The mode does lack a bit of polish, though. There’s more than a few instances where characters’ eyes look dead, and the acting is a little spotty (the worst offenders are real-life football analysts Jim Miller and Pat Kirwan, who interview Devin as part of their fake TV show Real Football and are clearly reading from a script). But others, like Rus Blackwell (who plays former coach Jack Ford) knock their roles out of the park, giving their characters pathos and making you care about them.

And while the story as a whole is a bit saccharine, it’s not an entirely cliched affair. Devin is never made out to be the next NFL legend; he’s someone who quit football for a few years and is having a hard time finding his bearings. And while my performance in the interactive parts of the mode didn’t earn me the best ending, I’m pretty happy with it. Without spoiling anything, my ending humbled Devin’s aspirations while still giving him something to shoot for. This isn’t the happy ending some may want, but it’s a great portrayal about how most people achieve their dreams not through leaps and bounds, but through incremental progress, hard work, and a few lucky breaks.

As someone who plays and watches a lot of competitive video games, the idea that a game can mean this much to people isn’t foreign, but The Longshot drives home the degree to which a team and its players can be a part of a community, how this relationship can be both fostered and exploited. It’s not a masterpiece of storytelling, but it’s a solid piece of standalone fiction about sports that got me to care about the regional rivalries and drama of football.

Will it help get you into Madden?
Not really. Even after playing a few matches of seven-on-seven or under special special conditions (such as starting on the opposite end of the field instead of in the middle and having to run 80 yards), I never got a good sense of how to play honest-to-goodness Madden. Since Devin Wade is a quarterback, most of the actual football involves you choosing who you’re going to throw the ball to each down. Although I could see the paths all my teammates were running, choosing the right person to throw to felt like guesswork, and The Longshot never teaches you how to determine the best choice beyond the person who’s most isolated from the enemy team (though it’s entirely possible I’m simply bad at football and that’s all there is to it).

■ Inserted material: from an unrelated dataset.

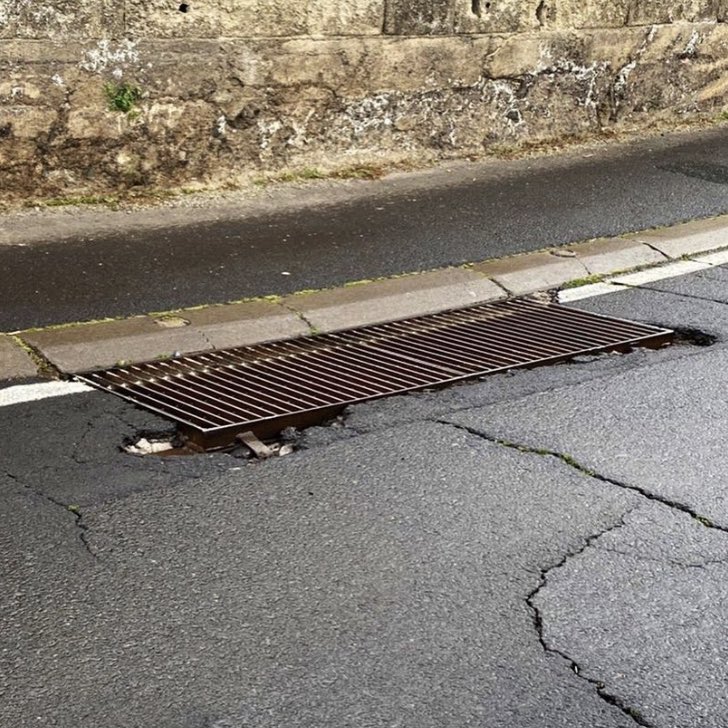 TenerifeVial's tweet photo. ‼️ #FactorVia - #CarreterasTF y la #TF263 aún así @CarreterasTF *Norma UNE EN124 ❓❓ https://t.co/GPyKDkaXDh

However, that doesn’t mean you have struggle with actually playing football that much. You only play a handful of these specialty games, and most of the big moments are reduced to timed button sequences you should be able to handle with ease. You can skip most gameplay segments if you fail repeatedly, too. This means you can just enjoy the story without worrying about failure, but don’t expect to suddenly develop a love of the game through The Longshot.

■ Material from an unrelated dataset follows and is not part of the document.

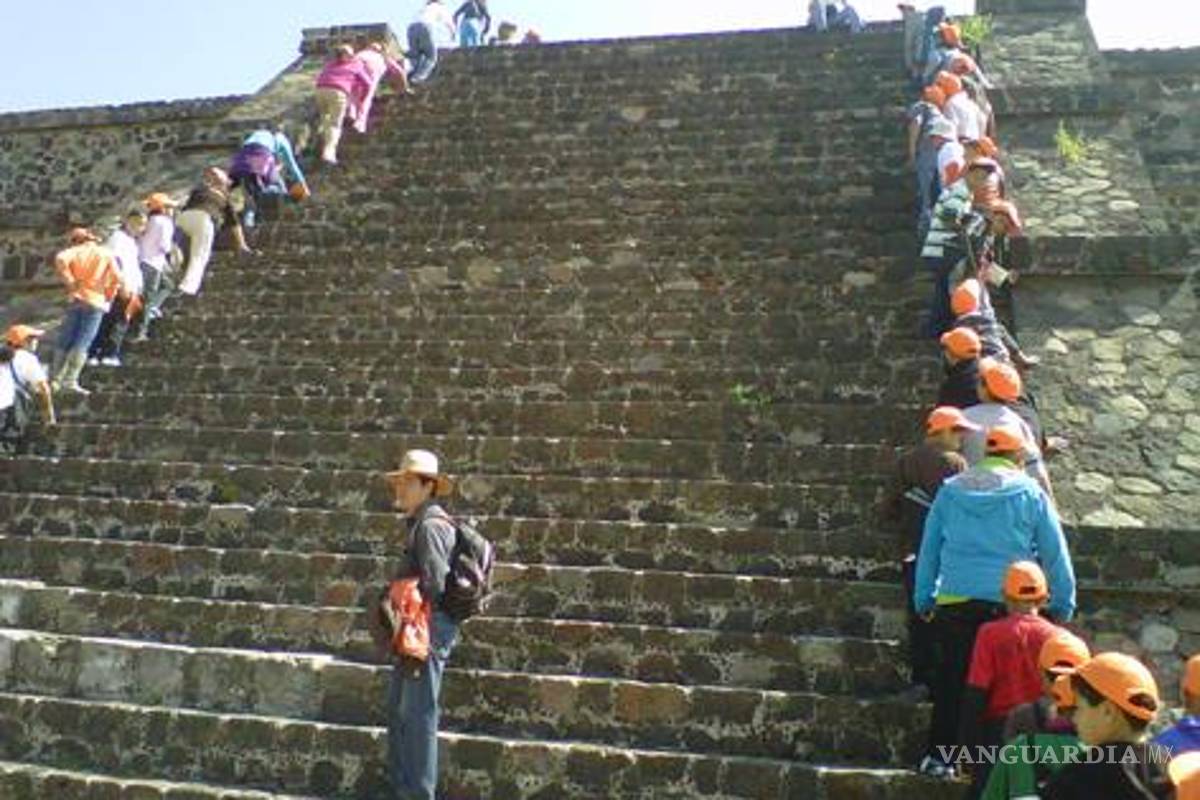 Regresan de viaje alumnos ganadores de Enlace 2012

That said, it did teach me a bit of football terminology. The most helpful bit involved breaking down the terminology of calling plays before they’re made. I wouldn't be able to call one myself, but if I happen to be around a football game during the holidays this year, I have a better chance of knowing what’s going on, or at least how a coach or player tells their team which plays to run.

Does The Longshot alone justify buying Madden 18?
No. As much as I enjoyed the mode for how it was able to portray some intricacies of football while also making it clear why football matters to people so much, I can’t outright recommend people who aren’t fans of football go spend 60 dollars for a mode that doesn’t last all that long, especially in a year as thick with great games as 2017. The Longshot isn’t a revelatory campaign that will get you to rethink storytelling in games, either, so it doesn’t win the “quality versus quantity” argument. But it’s good enough that if you can find the game on sale, or if one of your football-loving friends wouldn’t mind lending you copy, it might just get you to understand what this whole football thing is about.